● Supplied material
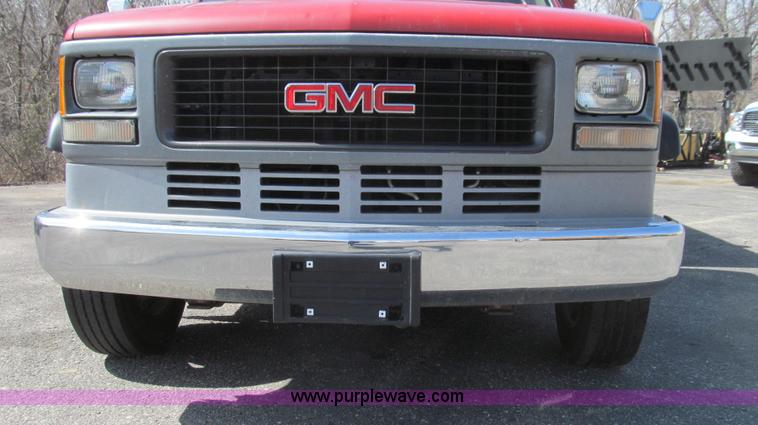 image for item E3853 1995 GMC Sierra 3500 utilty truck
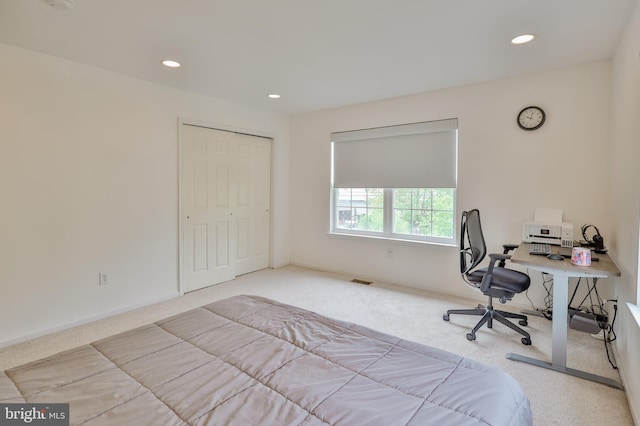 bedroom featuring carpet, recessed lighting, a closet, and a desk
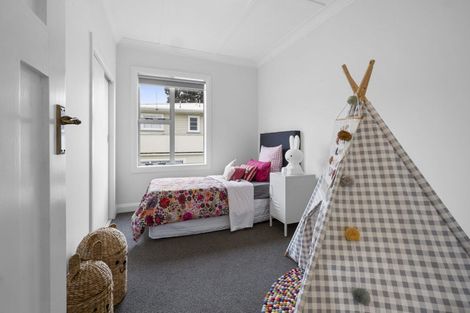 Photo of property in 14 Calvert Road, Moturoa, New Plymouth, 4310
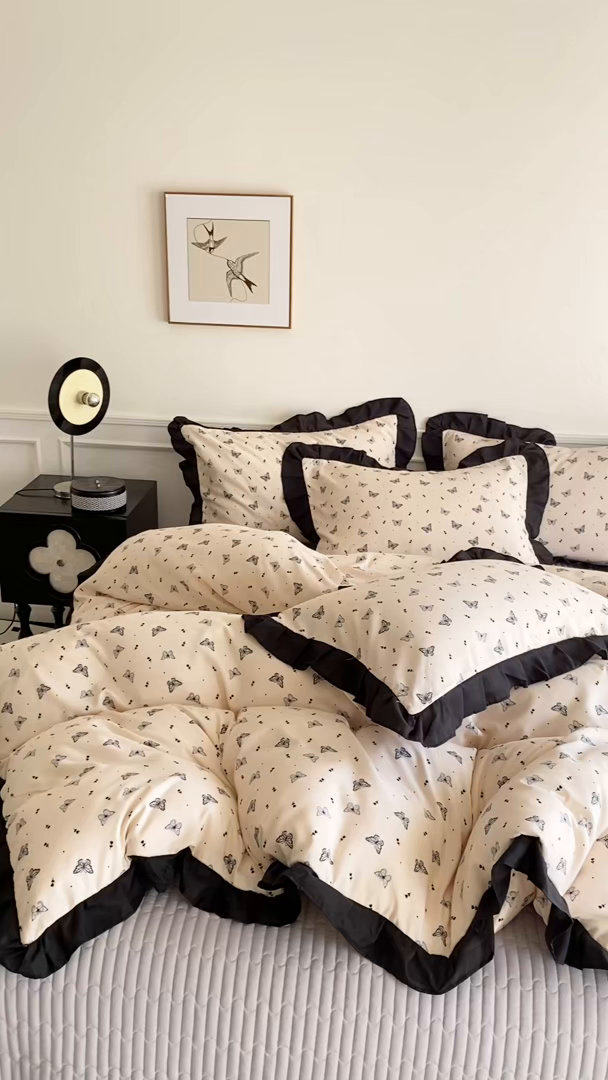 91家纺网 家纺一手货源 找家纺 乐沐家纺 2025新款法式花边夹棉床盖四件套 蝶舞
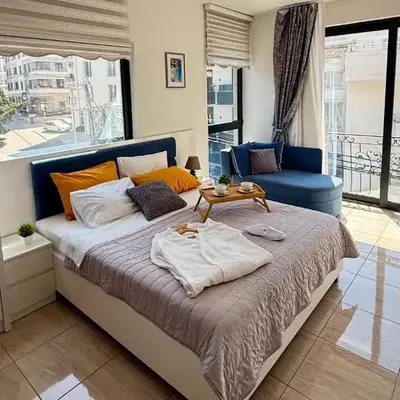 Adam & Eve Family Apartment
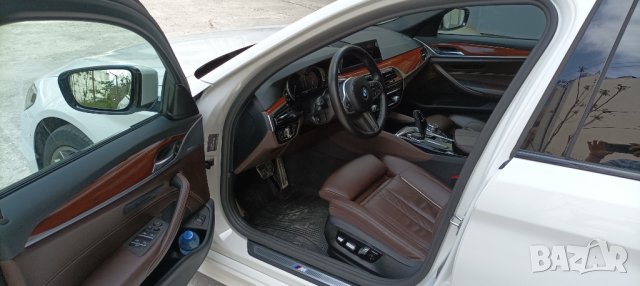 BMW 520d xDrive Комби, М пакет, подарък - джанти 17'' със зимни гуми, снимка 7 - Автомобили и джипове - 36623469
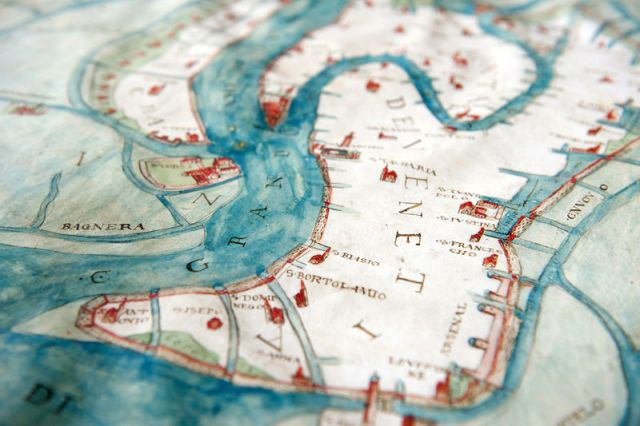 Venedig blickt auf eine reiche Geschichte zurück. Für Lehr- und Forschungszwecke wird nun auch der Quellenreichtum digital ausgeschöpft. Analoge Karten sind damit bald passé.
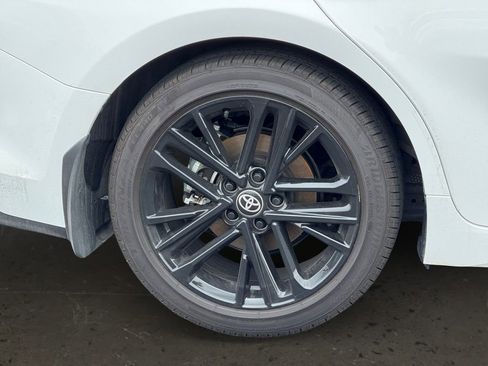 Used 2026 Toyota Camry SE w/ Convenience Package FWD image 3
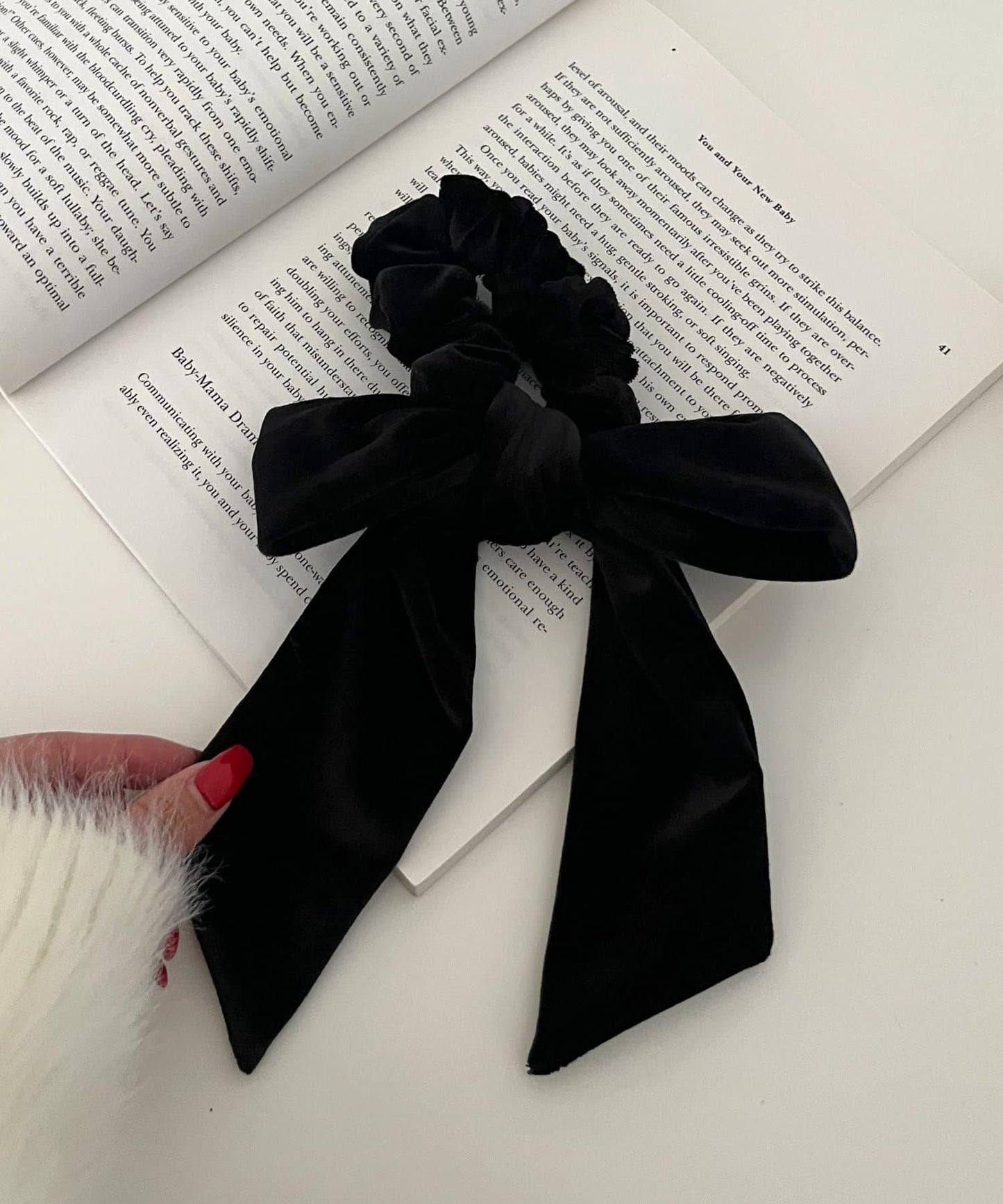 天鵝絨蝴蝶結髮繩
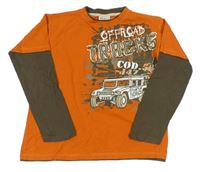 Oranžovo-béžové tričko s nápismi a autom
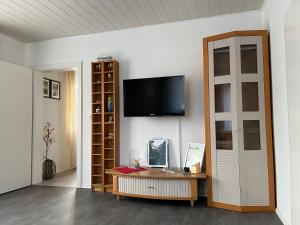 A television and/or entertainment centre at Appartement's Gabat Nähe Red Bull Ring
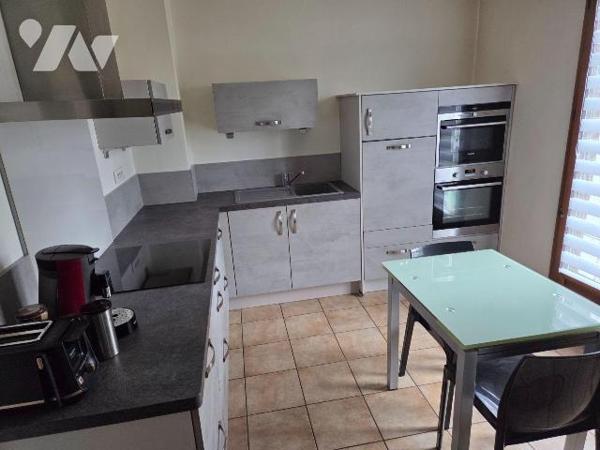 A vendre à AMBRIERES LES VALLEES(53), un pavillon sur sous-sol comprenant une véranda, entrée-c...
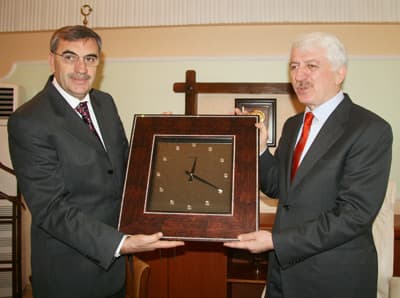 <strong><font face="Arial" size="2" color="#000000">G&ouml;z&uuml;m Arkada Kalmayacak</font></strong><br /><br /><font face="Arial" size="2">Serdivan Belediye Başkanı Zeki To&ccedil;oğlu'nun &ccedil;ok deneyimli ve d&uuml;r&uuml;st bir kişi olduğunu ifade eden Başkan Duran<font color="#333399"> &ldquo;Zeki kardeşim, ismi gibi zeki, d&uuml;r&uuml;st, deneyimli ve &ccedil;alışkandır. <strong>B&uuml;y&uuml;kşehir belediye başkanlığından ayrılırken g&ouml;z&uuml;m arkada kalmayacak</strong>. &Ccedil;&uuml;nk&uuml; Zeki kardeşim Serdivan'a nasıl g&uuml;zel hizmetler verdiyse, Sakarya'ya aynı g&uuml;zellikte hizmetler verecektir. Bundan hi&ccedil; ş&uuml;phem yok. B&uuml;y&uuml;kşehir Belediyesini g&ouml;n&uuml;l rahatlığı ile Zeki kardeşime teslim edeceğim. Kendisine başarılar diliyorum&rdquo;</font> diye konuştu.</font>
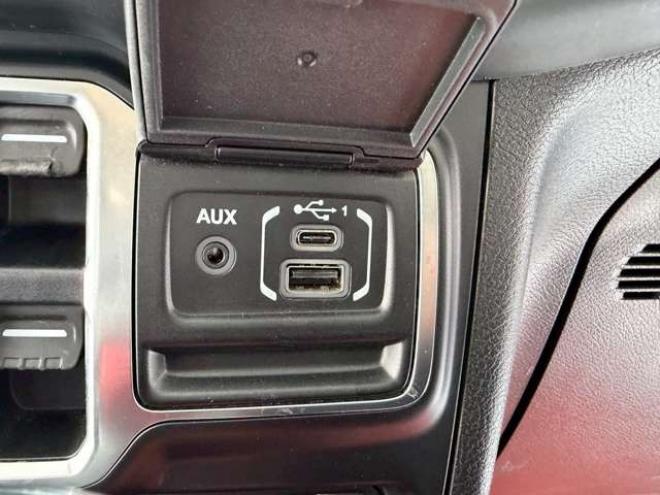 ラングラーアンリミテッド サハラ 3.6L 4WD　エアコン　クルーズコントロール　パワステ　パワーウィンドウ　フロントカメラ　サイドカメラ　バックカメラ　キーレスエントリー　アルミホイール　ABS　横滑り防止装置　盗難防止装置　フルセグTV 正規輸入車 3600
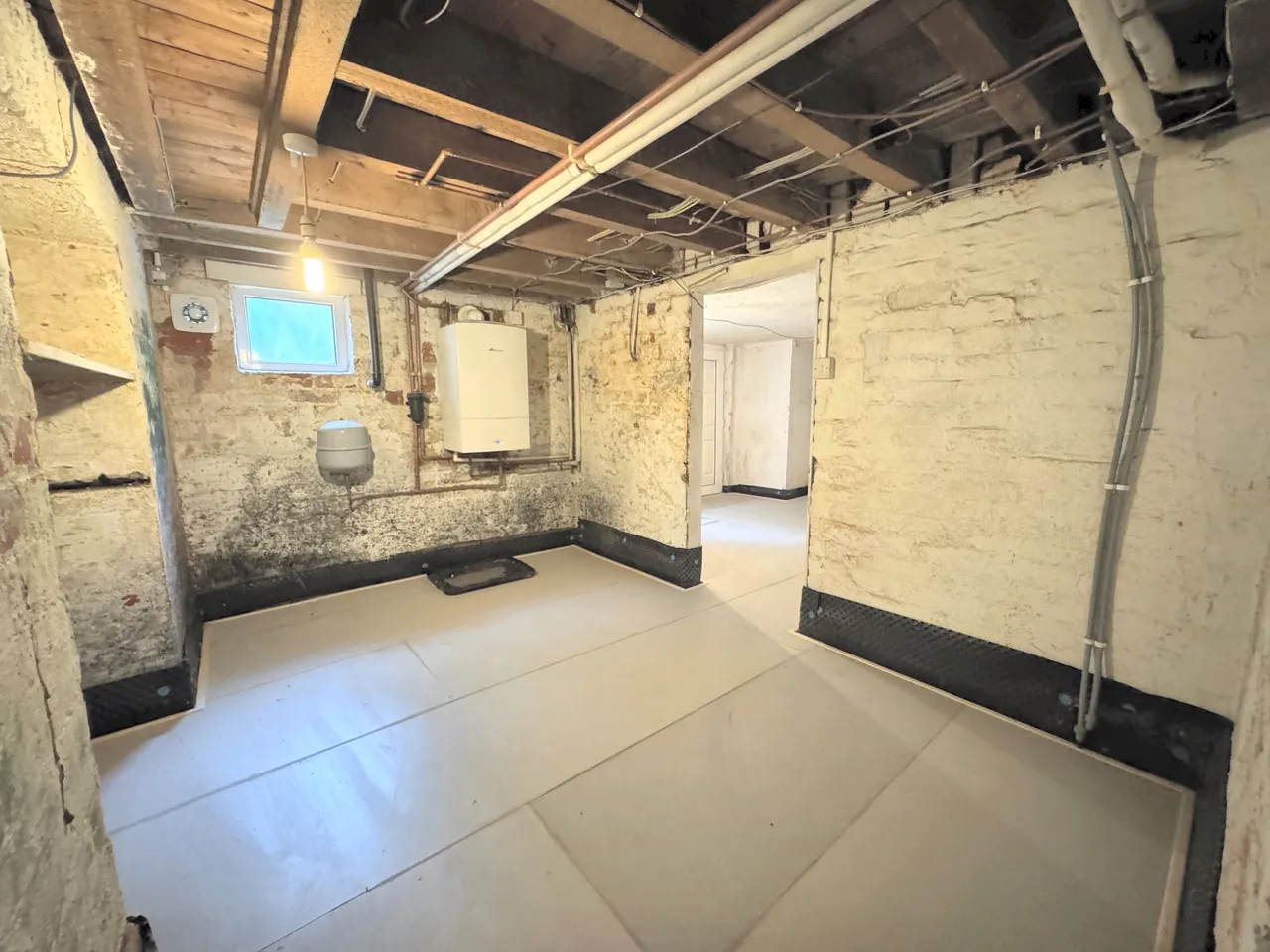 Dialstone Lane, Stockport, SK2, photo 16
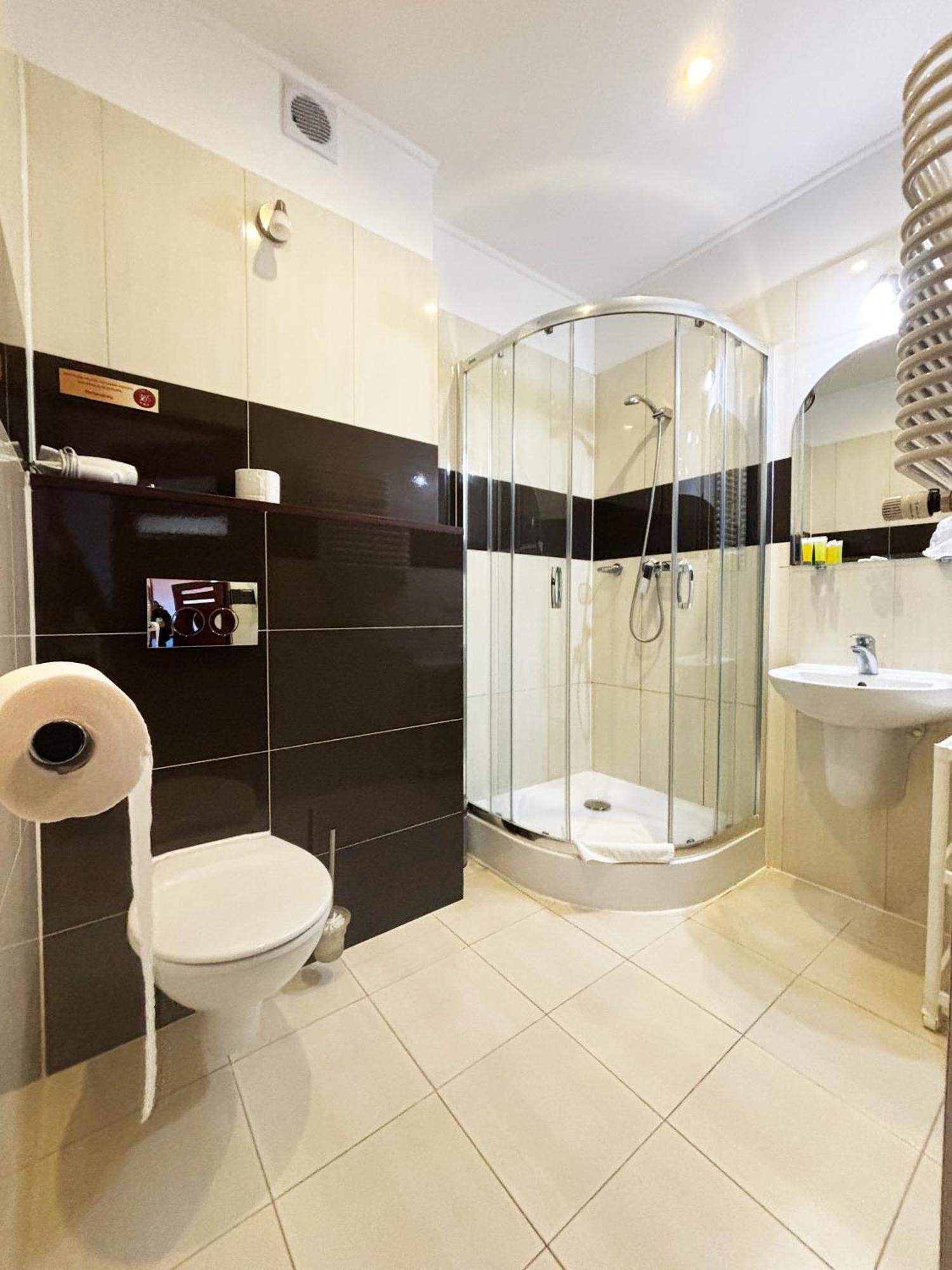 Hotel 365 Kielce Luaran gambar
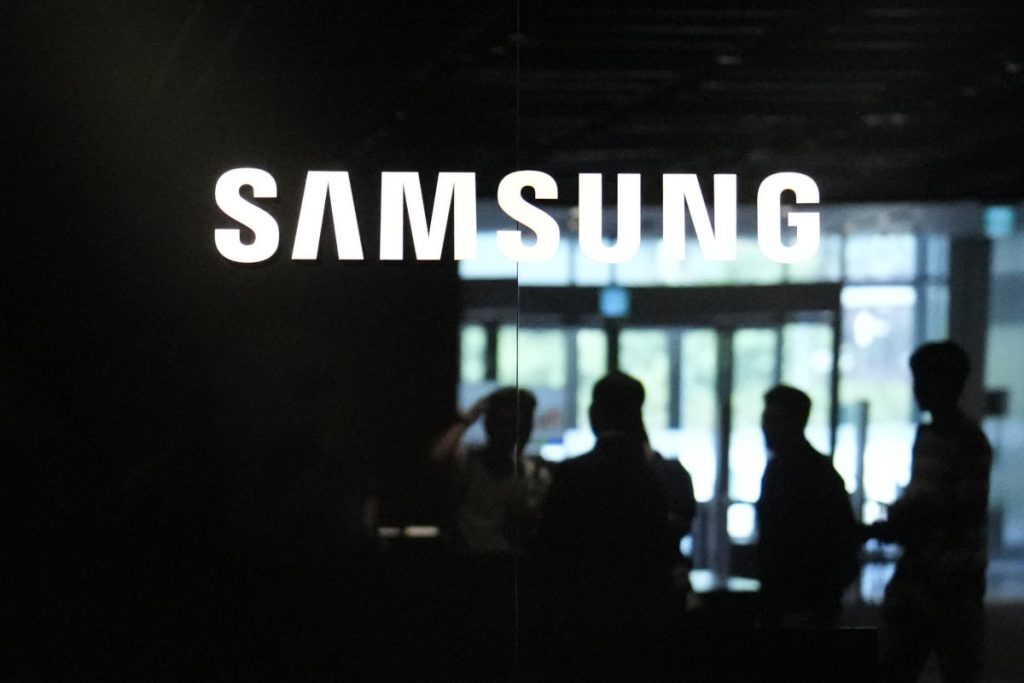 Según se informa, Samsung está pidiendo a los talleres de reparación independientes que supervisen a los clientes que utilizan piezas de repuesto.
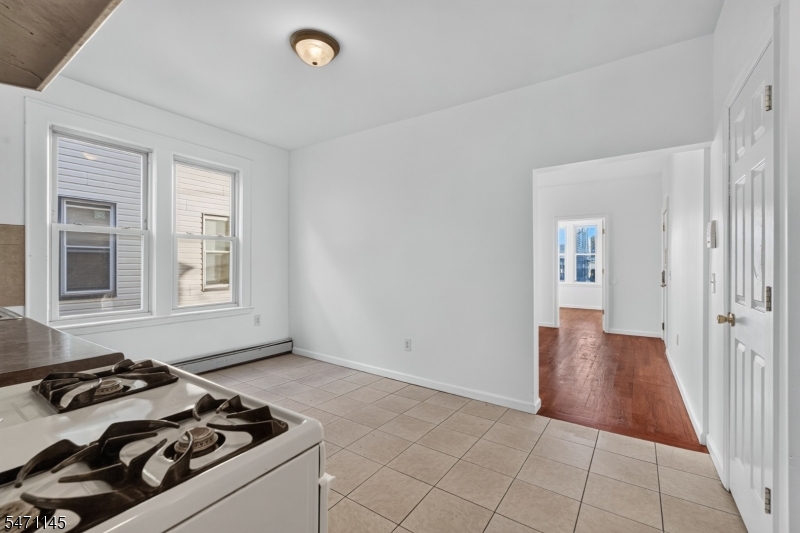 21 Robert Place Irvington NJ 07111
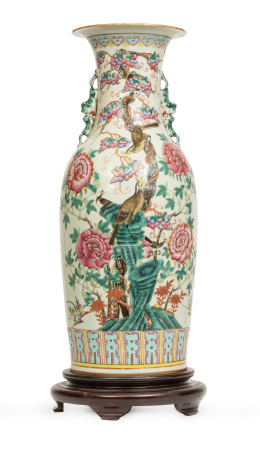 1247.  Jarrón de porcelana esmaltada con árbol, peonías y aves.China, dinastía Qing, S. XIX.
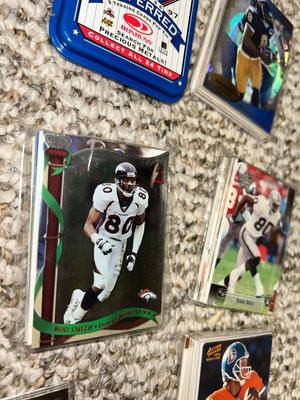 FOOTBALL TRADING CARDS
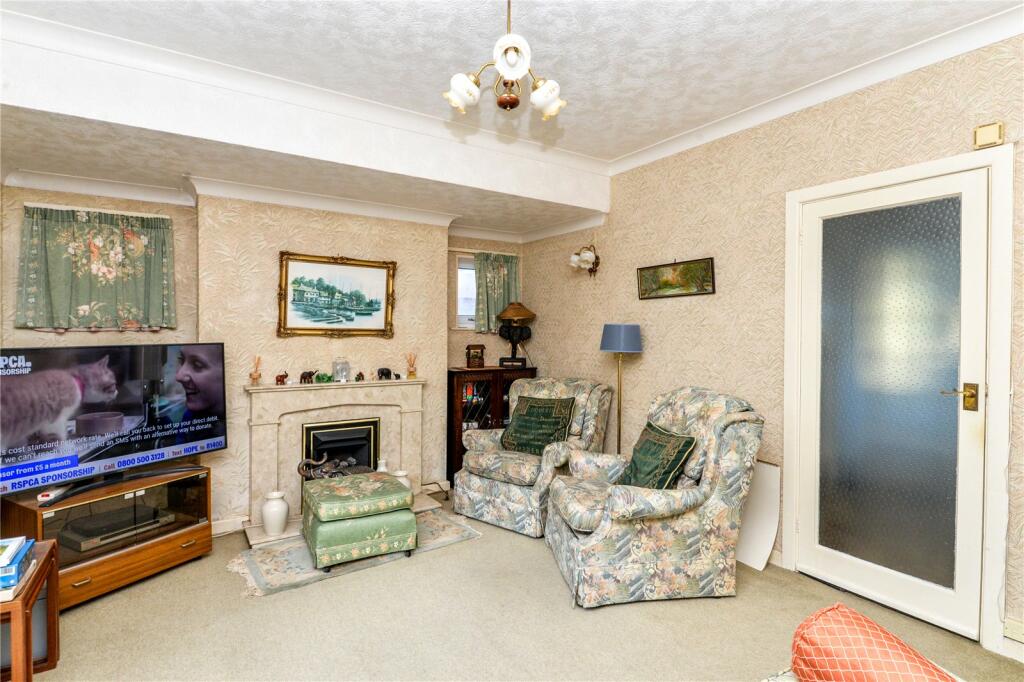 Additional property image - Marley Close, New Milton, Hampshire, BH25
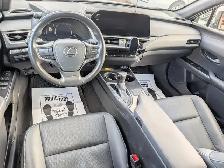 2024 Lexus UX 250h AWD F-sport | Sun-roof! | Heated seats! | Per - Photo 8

● What you will do
Restate all entries above exactly, but not the images.

● Solved exercise
 image for item E3853 1995 GMC Sierra 3500 utilty truck
 bedroom featuring carpet, recessed lighting, a closet, and a desk
 Photo of property in 14 Calvert Road, Moturoa, New Plymouth, 4310
 91家纺网 家纺一手货源 找家纺 乐沐家纺 2025新款法式花边夹棉床盖四件套 蝶舞
 Adam & Eve Family Apartment
 BMW 520d xDrive Комби, М пакет, подарък - джанти 17'' със зимни гуми, снимка 7 - Автомобили и джипове - 36623469
 Venedig blickt auf eine reiche Geschichte zurück. Für Lehr- und Forschungszwecke wird nun auch der Quellenreichtum digital ausgeschöpft. Analoge Karten sind damit bald passé.
 Used 2026 Toyota Camry SE w/ Convenience Package FWD image 3
 天鵝絨蝴蝶結髮繩
 Oranžovo-béžové tričko s nápismi a autom
 A television and/or entertainment centre at Appartement's Gabat Nähe Red Bull Ring
 A vendre à AMBRIERES LES VALLEES(53), un pavillon sur sous-sol comprenant une véranda, entrée-c...
 <strong><font face="Arial" size="2" color="#000000">G&ouml;z&uuml;m Arkada Kalmayacak</font></strong><br /><br /><font face="Arial" size="2">Serdivan Belediye Başkanı Zeki To&ccedil;oğlu'nun &ccedil;ok deneyimli ve d&uuml;r&uuml;st bir kişi olduğunu ifade eden Başkan Duran<font color="#333399"> &ldquo;Zeki kardeşim, ismi gibi zeki, d&uuml;r&uuml;st, deneyimli ve &ccedil;alışkandır. <strong>B&uuml;y&uuml;kşehir belediye başkanlığından ayrılırken g&ouml;z&uuml;m arkada kalmayacak</strong>. &Ccedil;&uuml;nk&uuml; Zeki kardeşim Serdivan'a nasıl g&uuml;zel hizmetler verdiyse, Sakarya'ya aynı g&uuml;zellikte hizmetler verecektir. Bundan hi&ccedil; ş&uuml;phem yok. B&uuml;y&uuml;kşehir Belediyesini g&ouml;n&uuml;l rahatlığı ile Zeki kardeşime teslim edeceğim. Kendisine başarılar diliyorum&rdquo;</font> diye konuştu.</font>
 ラングラーアンリミテッド サハラ 3.6L 4WD　エアコン　クルーズコントロール　パワステ　パワーウィンドウ　フロントカメラ　サイドカメラ　バックカメラ　キーレスエントリー　アルミホイール　ABS　横滑り防止装置　盗難防止装置　フルセグTV 正規輸入車 3600
 Dialstone Lane, Stockport, SK2, photo 16
 Hotel 365 Kielce Luaran gambar
 Según se informa, Samsung está pidiendo a los talleres de reparación independientes que supervisen a los clientes que utilizan piezas de repuesto.
 21 Robert Place Irvington NJ 07111
 1247.  Jarrón de porcelana esmaltada con árbol, peonías y aves.China, dinastía Qing, S. XIX.
 FOOTBALL TRADING CARDS
 Additional property image - Marley Close, New Milton, Hampshire, BH25
 2024 Lexus UX 250h AWD F-sport | Sun-roof! | Heated seats! | Per - Photo 8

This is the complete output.